SPECIAL BOARD OF ARBITRATION
PURSUANT TO SECTION 11, NEW YORK DOCK CONDITIONS AGREEMENT
BETWEEN
NORFOLK AND WESTERN RAILWAY COMPANY
AND
BROTHERHOOD OF RAILWAY CARMEN - DIVISION T.C.U.
1. That the Norfolk and Western Railway Company violated the Implementing Agreement dated May 7, 1982, wherein the Interstate Commerce Commission (I.C.C.) imposes the employee protective conditions set forth in New York Dock - RY - Control - Brooklyn or Eastern District 360 ICC 60 (1979) (New York Dock Conditions) in Finance Docket No. 29430, when nineteen (19) Carmen working at Portsmouth, Ohio Train Yards and Shops were furloughed and deprived of employment, including compensation on July 23 and July 25, 1989.
2. That the Norfolk and western Railway Company be ordered to comply with test period for each of the named employees in Attachment "A" and B28 thru B51 of 139, Exhibit 8139 of 139, as per the May 7, 1982 Implementing Agreement and the protective provisions as set forth in New York Dock II Conditions for the named Claimants, supra, account of being furloughed and/or deprived of employment and compensation on July 23 and 25, 1989 and subsequently.
The Carrier in this dispute, the Norfolk and Western Railway Company (hereinafter called the Carrier) began coordinating operations with the Southern Railway Company under approval of the Interstate Commerce Commission dated March 25, 1982. As part of this "coordination," the I.C.C. imposed the New York Dock protective conditions upon the Carrier, in an implementing agreement dated May 7, 1982. The basic coordination of operations was implemented on June 1, 1982.
The Carrier notes that the coordination involves essentially "end-to-end" railroads, which do not have many common points of operation. The Implementing Agreement provided for the coordination of operations at the ten (10) common points, and provided a method for .coordinating other operations as the need arose.
In July, 1989, the Carrier ceased performing certain functions at the Portsmouth, Ohio yard, including classifying cars, coupling air hoses, flat switching, and performing several other functions. On July 23, 1989, the Carrier abolished seven (7) carmen positions at the yard; on July 25, the Carrier abolished ten (10) more carmen positions at this location. The Parties do not dispute the fact that the abolishment of the positions was due to the Carrier's change in operations at the Portsmouth location.
Five of the carmen involved were protected under the New York Dock conditions due to an earlier transaction. Three of these employees decided to resign from service and accept a lump sum
payment. The other two allegedly failed to respond to notices of transfer, and therefore forfeited the New York Dock protection arising from the earlier transaction, according to the Carrier.

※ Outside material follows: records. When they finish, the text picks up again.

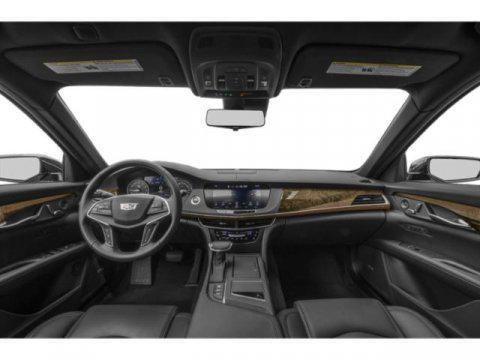Red Horizon Tintcoat 2018 Cadillac CT6 3.0L Twin Turbo Platinum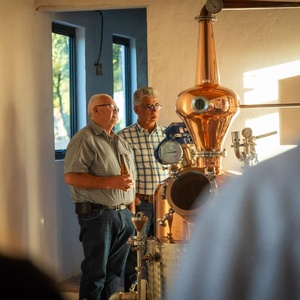 Equipo de Destilería Modular DYE de 150L para Producción de Tequila y Mezcal - Fácil Instalación y Operación para Destiladores Artesanales - Product Image 1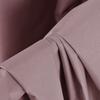 1PC Solid Color 100% Blackout Curtain, Suitable for Decorating and Beautifying Living Rooms and Bedrooms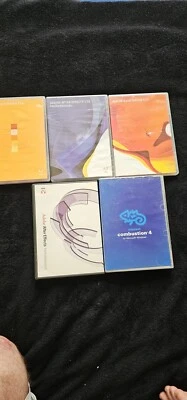 Adobe Illustrator Cs3 And Cs4,after Effects 7.0 And Cs3 Professional  - Bild 1 von 4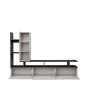 Trieste – minimalistisches Entertainment-Center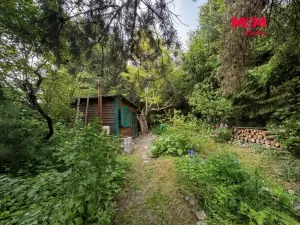 Prodej zahrady, Praha - Vysočany, 200 m2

On August 9, 1989, the organization filed claims for all seventeen (17) employees whose positions were abolished at Portsmouth. The claim contended that the affected employees were entitled to New York Dock protection because the work they had formerly performed at Portsmouth was being transferred to other points on the Southern Railway and Norfolk and Western Railway.
The Carrier denied the claims, stating that the Organization had failed to specify the pertinent facts of the transaction which allegedly affected the employees. The Parties were unable to settle the dispute on the property and it proceeded to this forum for resolution. It is within this factual context that the instant dispute arises.
The Organization contends that it has specified the pertinent facts of the transaction which caused the furlough of the seventeen (17) carmen at Portsmouth. The Organization contends that there is no dispute that the only reason that the employees were furloughed is that the Carrier ceased performing almost all carmen work at Portsmouth in July, 1989. The organization further contends that much of the work was moved to points on the Southern Railway system.
The organization asserts that prior to the Carrier's action in July, 1989 about twenty (20) or more trains were processed each day in the Portsmouth, Ohio West Yard. Now the Organization contends that much of that work has been moved to the Southern Railway system.
As an example, the Organization points to Train 128, which leaves Linwood, North Carolina, on the Southern system, and which used to be processed at Portsmouth. It is now serviced at Bellevue, Ohio. The Organization asserts that had there been no consolidation of the two railroads, Train 128 would, in all probability, still be processed at Portsmouth.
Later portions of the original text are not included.